NEW YORK (GenomeWeb News) – A team of industry players and clinical researchers today announced a collaboration to develop a platform for using frozen formalin paraffin-embedded tissue for molecular diagnostics.
The project, which has a budget of $5 million — half of which will be funded by the Danish National Advanced Technology Foundation — involves CLC bio, Aros Applied Biotechnology, F. Hoffman-La Roche, and Aarhus University Hospital – the Institute of Pathology and the Research Unit for Molecular Medicine.
The goal is to develop a complete platform for selecting FFPE samples, choosing sequencing technology, and then assembling and analyzing the high-throughput sequencing data, the partners said in a statement.
In addition to the development of molecular diagnostics, the platform will be used to reanalyze pre-clinical trials for drugs that have failed despite achieving relatively high rates of positive responses.

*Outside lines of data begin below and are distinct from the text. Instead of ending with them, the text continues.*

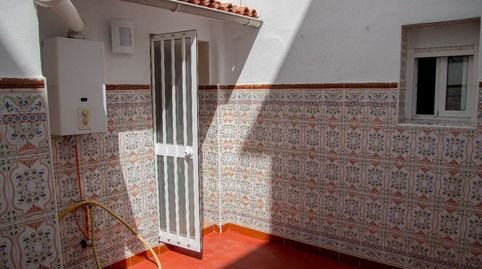 Wohnung zum Verkauf in Avenida Federico Mayo, 14, Las Torres - Guadalupe, Huelva Capital - Bild 4 Foto 4 von Wohnung zum Verkauf in Avenida Federico Mayo, 14, Las Torres - Guadalupe, Huelva Capital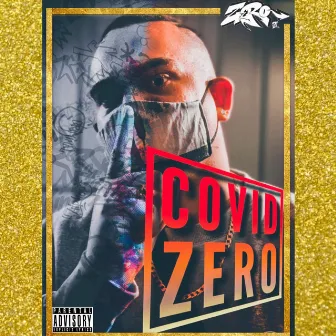 Covid Zero by Zero Emcee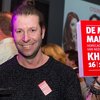 Dit is de Meest Markante Horecaondernemer van Nederland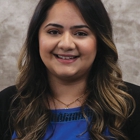 Navleen K. Gill, MD - IU Health Primary Care - Bedford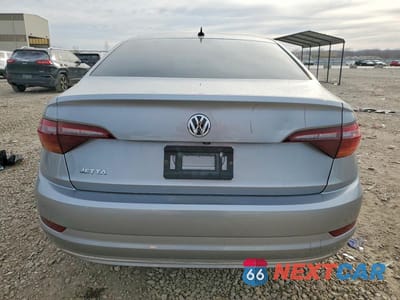 Zdjęcie 6 z 12 samochodu: 2019 VOLKSWAGEN JETTA S VIN:3VWC57BU0KM260810 - miniatura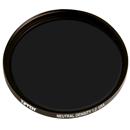 Tiffen Coarse Thread ND Filter: Picture 1 regular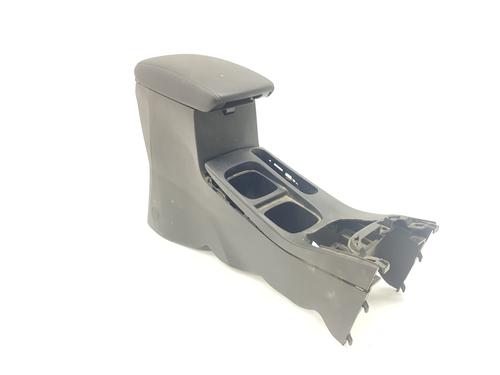 Used Armrest / Center console Armrest / Center console SUZUKI VITARA (LY) 1.6 (APK 416) (120 hp) 36276975 36276975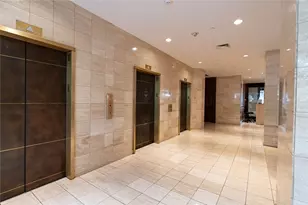 14 Greenway Plaza, Houston, TX 77046 - Photo 19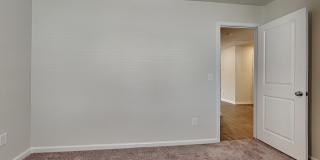 1638 Commendable Court Gallery 19
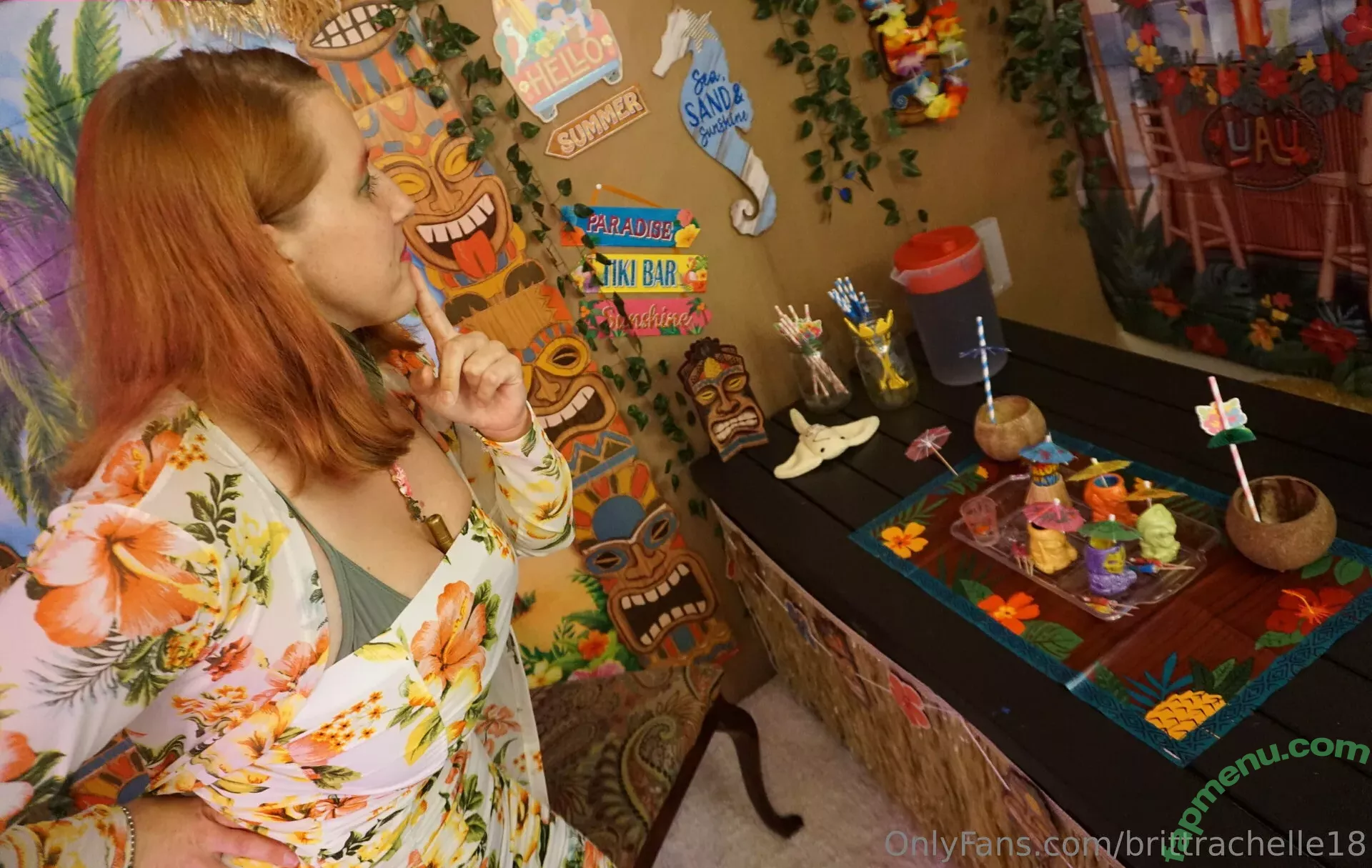 brittrachelle18 nude photo #0150 (Britt Rachelle / brittrachelle)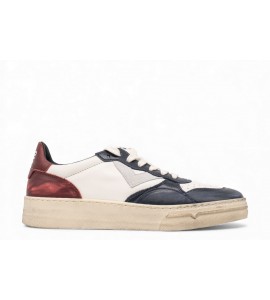 4B12 UOMO SNEAKERS HYPER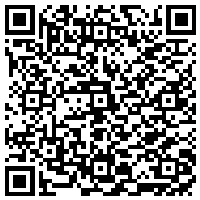 QR Code for bitcoin:bitcoin:bitcoin:bitcoin:bitcoin:bitcoin:bitcoin:bitcoin:bitcoin:litecoin:MCiAxJCZjTfeg9ebetmot2py2J89h7G8Ub
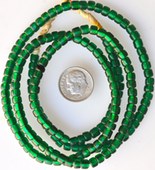 Trade Beads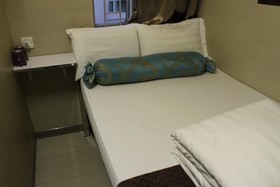 New Grand Guest House
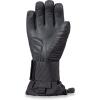 Dakine Youth Wristguard Winter Glove(Black)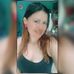 Iris Zuniga - Facebook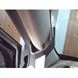Image de Brodit ProClip für Hyundai Santa Fe, ab Baujahr 2013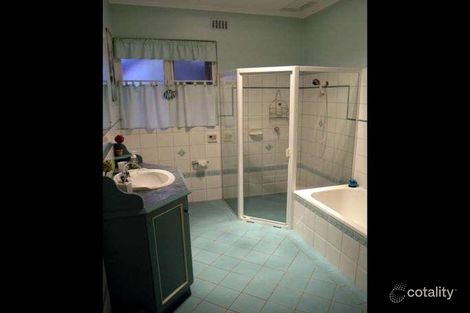 Property photo of 92 Gladstone Road North Brighton SA 5048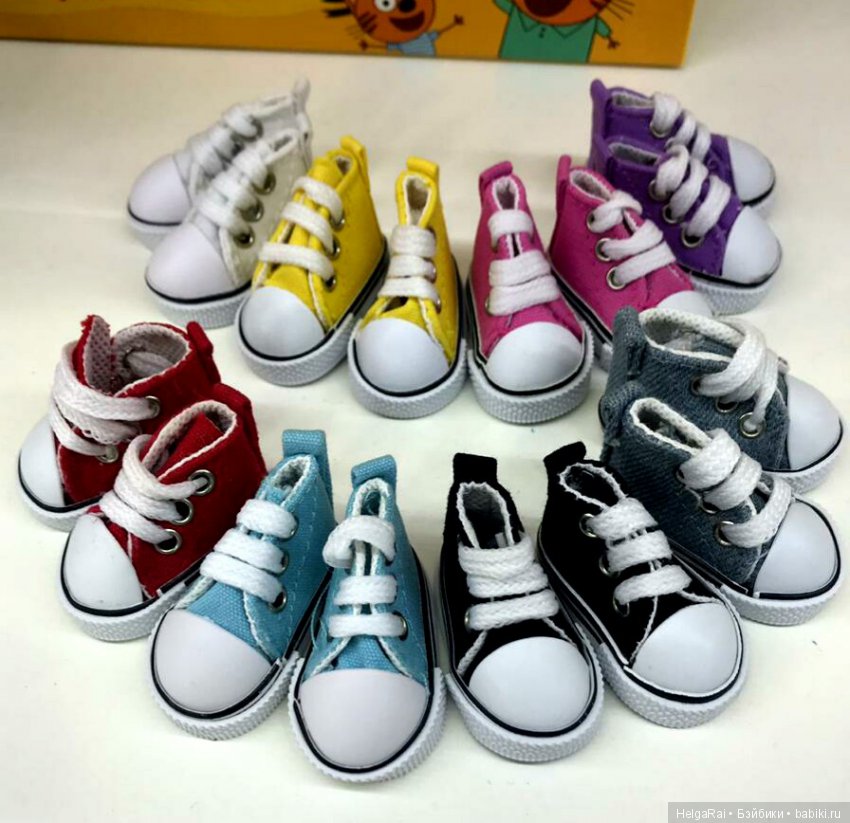 "Прешесы моментсы " в Эскпоцентре - 2019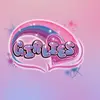 wynterphillips2 - @..larray..girliess - TikTok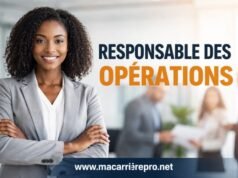 HK Studio Recrute Responsable des Opérations HK Studio Recrute Responsable des Opérations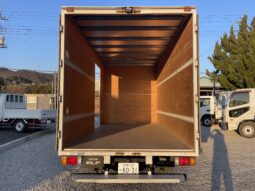  がいっぱいです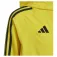 adidas Tiro24 Windbreaker jacket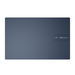 ASUS Vivobook 15 F1504VA-NJ2341W Características ASUS Vivobook 15 F1504VA-NJ2341W Características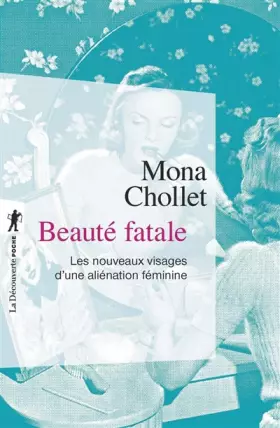 Couverture du produit · Beauté fatale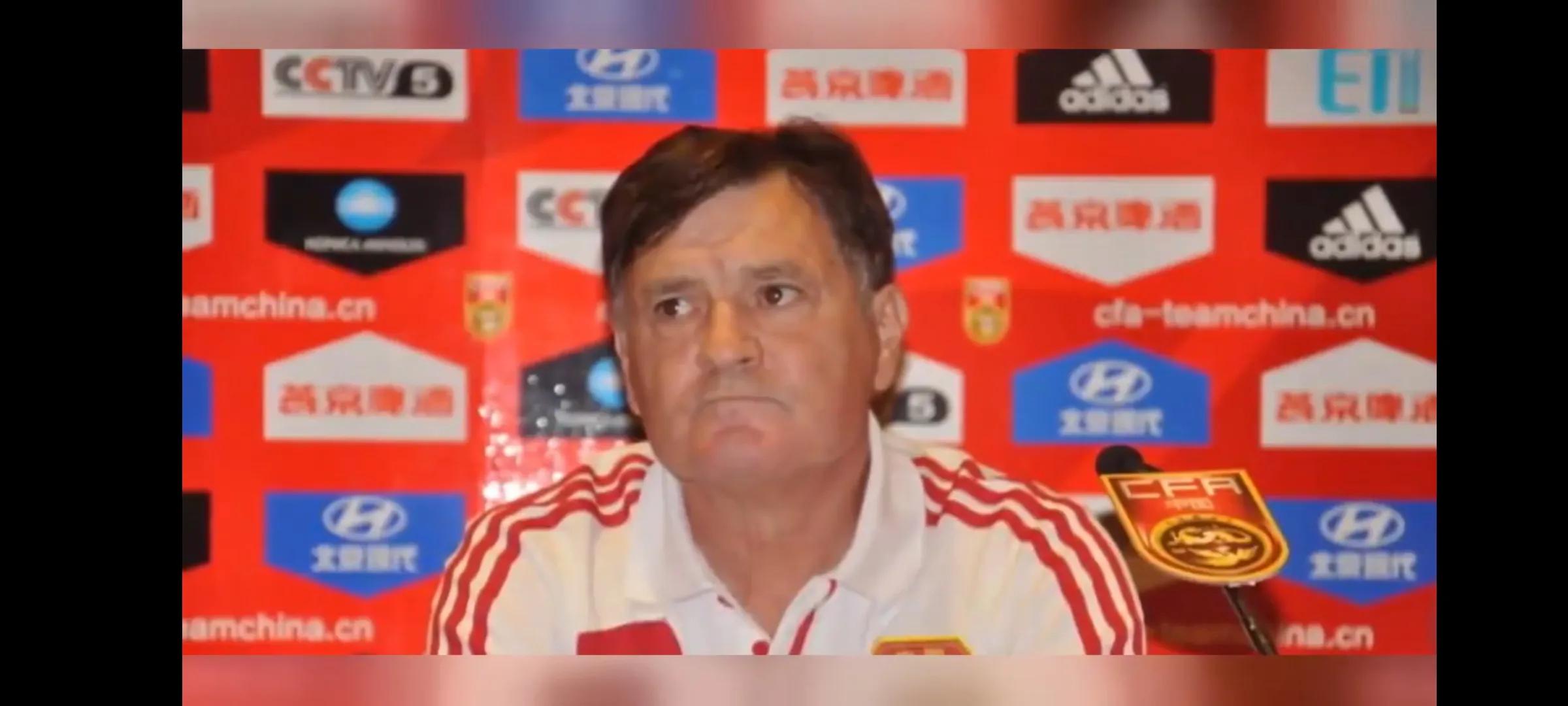 谁来拯救中国男足,谁来拯救陕西足球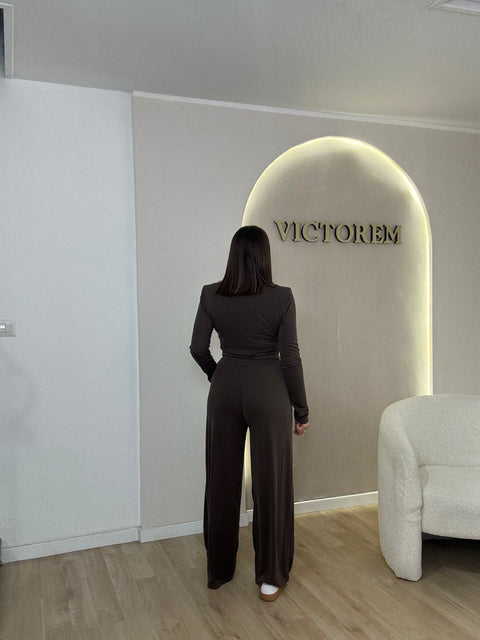 Coordinato “Giuditta”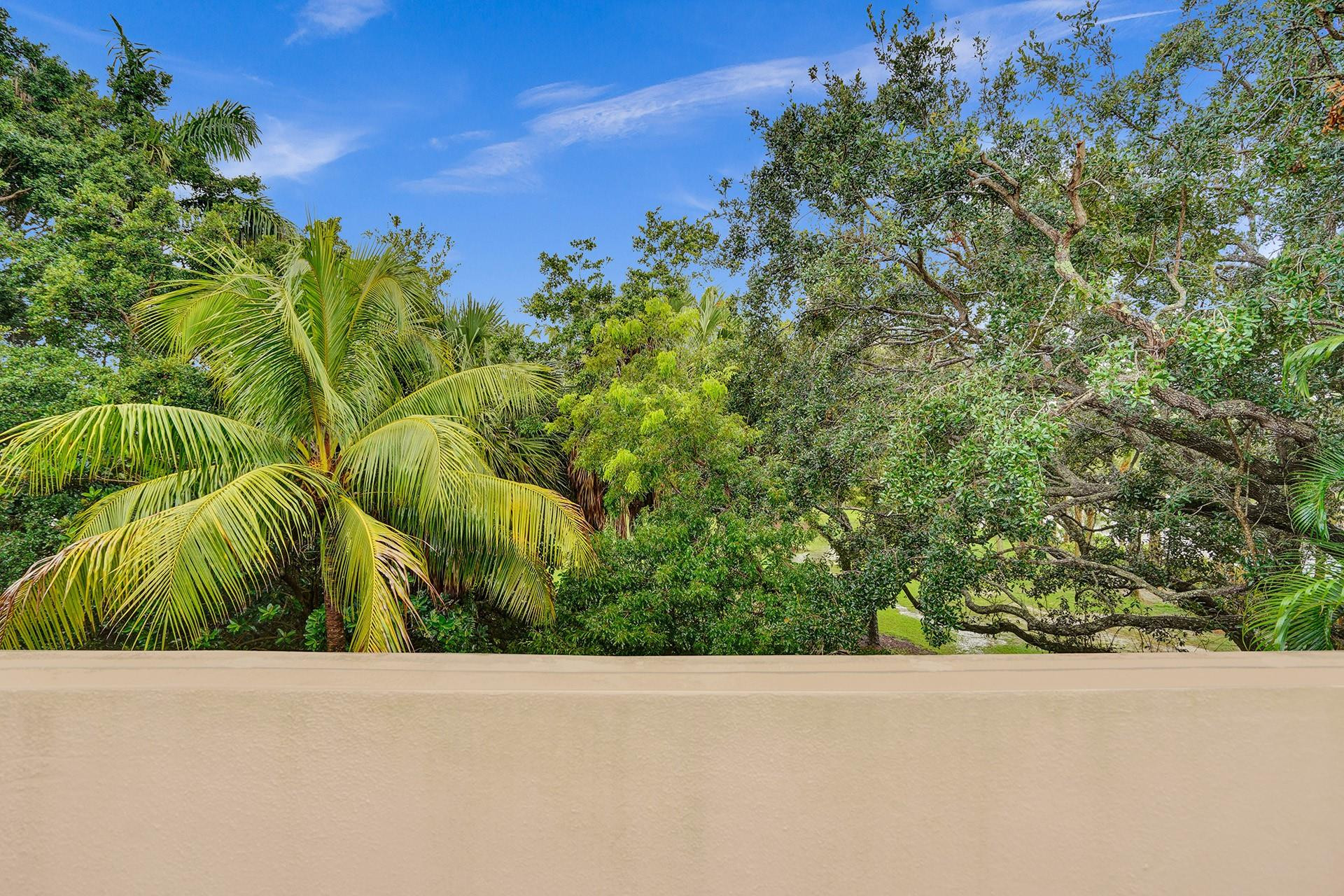 101 Southwest 96th Terrace, Unit 204 Plantation, FL 33324 - Photo 49 of 56 Photo 49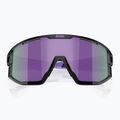 Sunglasses Bliz Fusion Small crystal black/grey purple multi 3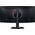  Монитор Samsung LS40FG756EIXCI 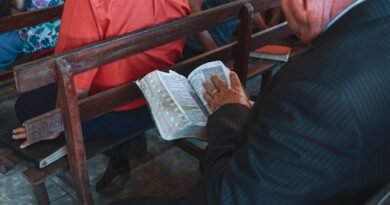 será que deus continua a perdoar mesmo se você continuar cometendo o mesmo... estudo bíblico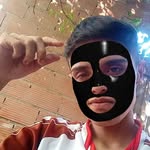 Nicolas Agustin - @nicolasagustin2402 - Instagram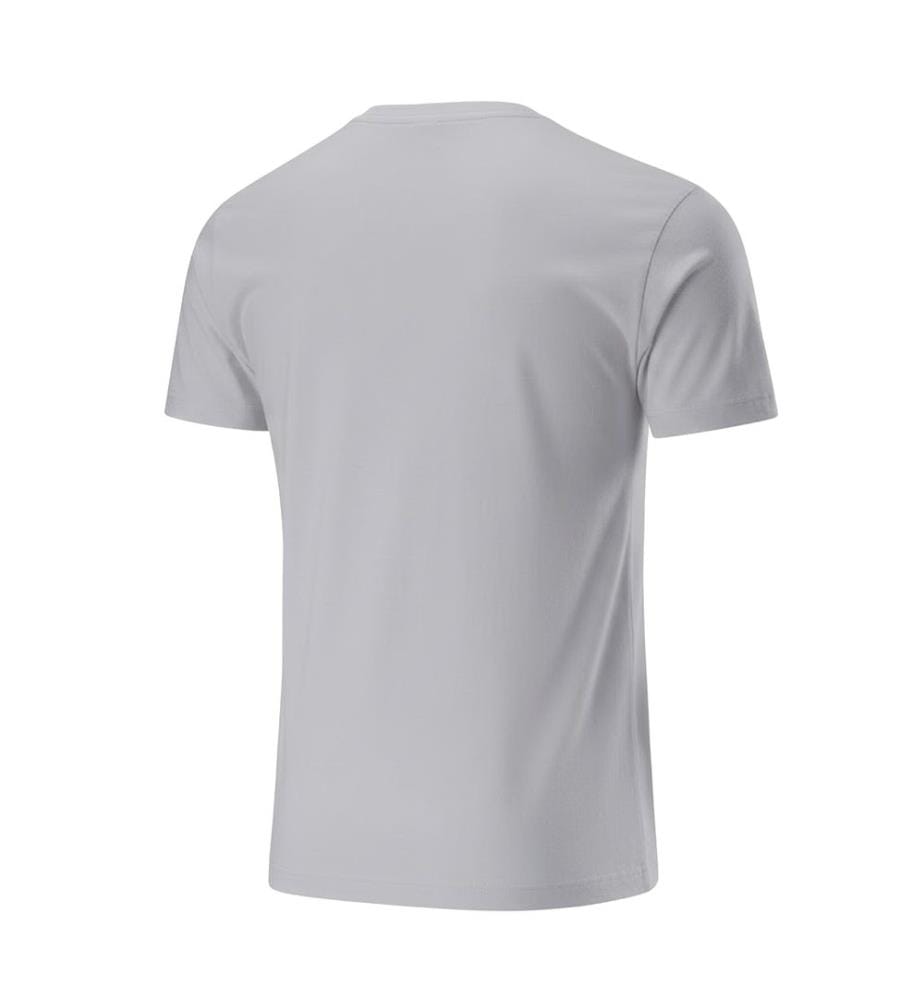 Mizuno Mens Shizuoka Free Time T-Shirt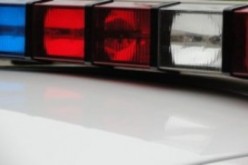 Elderly Woman Beaten in Bayfair Mall Parking Lot, Suspects Arrested Immediately After Robbery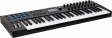 Arturia Keylab 49 MK3 - black Arturia Keylab 49 MK3 - black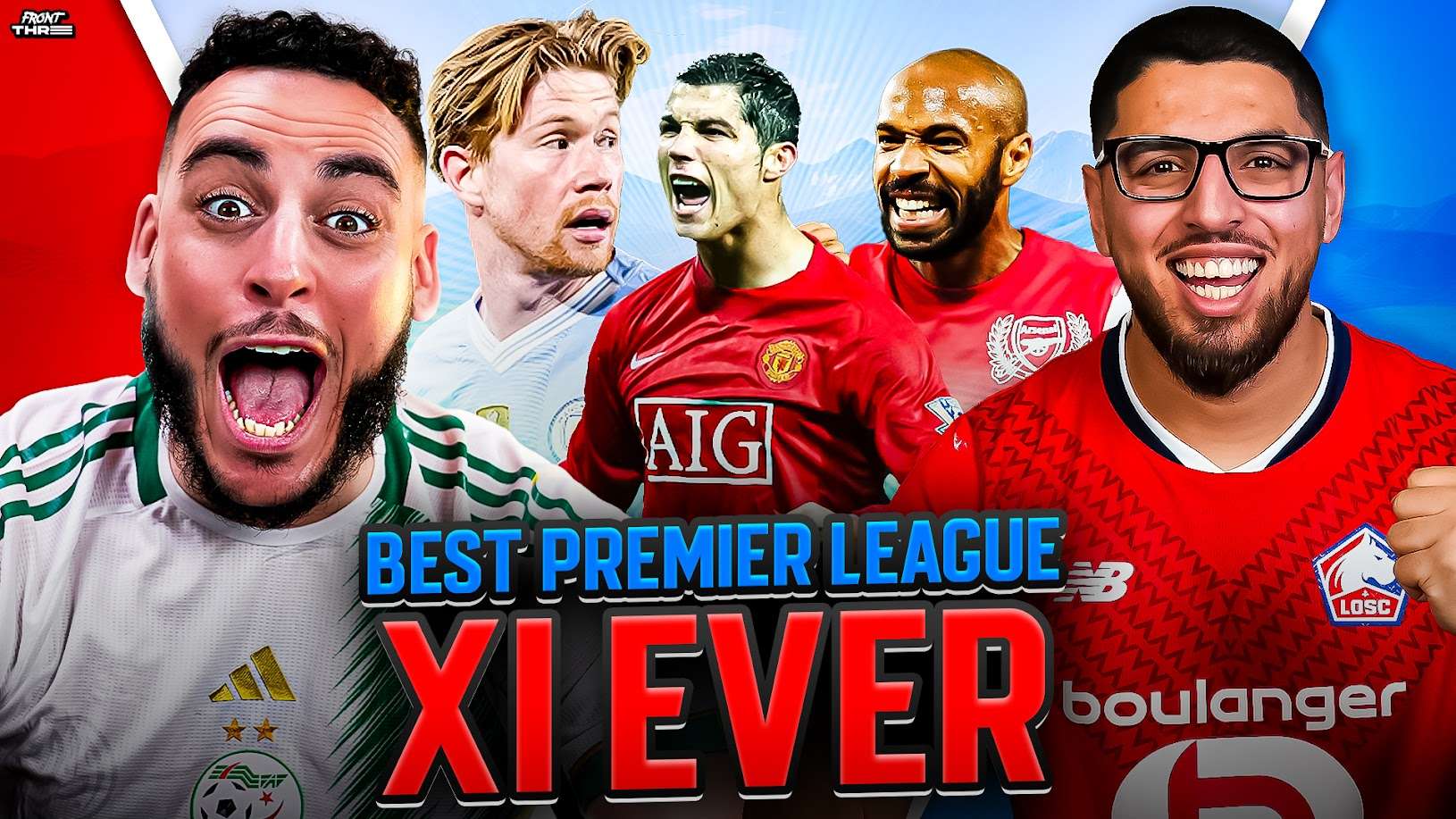 份为期两年 份为期两年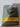 Corsair ValueSelect 2GB DDR3L 1600MHz SODIMM Laptop Memory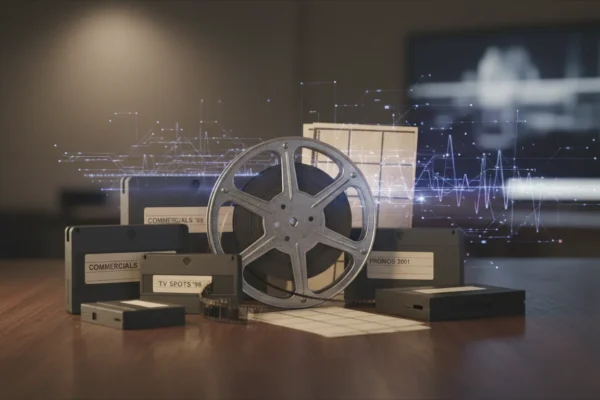 Video Ad Trends: Creative Direction in 2026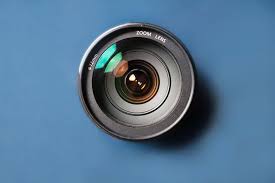 We would like to show you a description here but the site won't allow us. Camera Terminology For Dslr Camera Lenses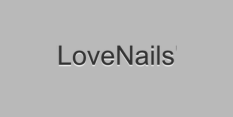 LoveNails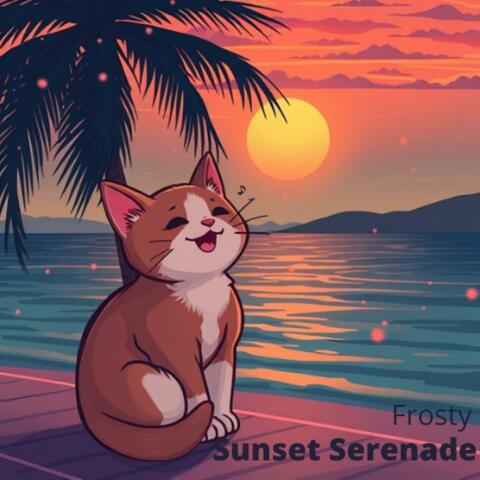 Sunset Serenade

According to the partners, getting high-quality fresh samples is a challenge to both academia and pharmaceutical firms. The proposed platform will provide researchers access to "vastly more samples" than can be collected in traditional fresh tissue biobanks. The samples can be linked to patient data through healthcare, disease, and population registries, "providing unique opportunities to boost research in disease mechanisms and rescue drugs from failure," they said.
"Having access to high-throughput genomic analyses of the vast number of existing archive FFPE samples will be an invaluable contribution" to being able to compare diseased tissue to a broad range of control samples, thereby facilitating personalized medicine, said Stephen Hamilton Dutoit, a professor at the Institute of Pathology at Aarhus University Hospital.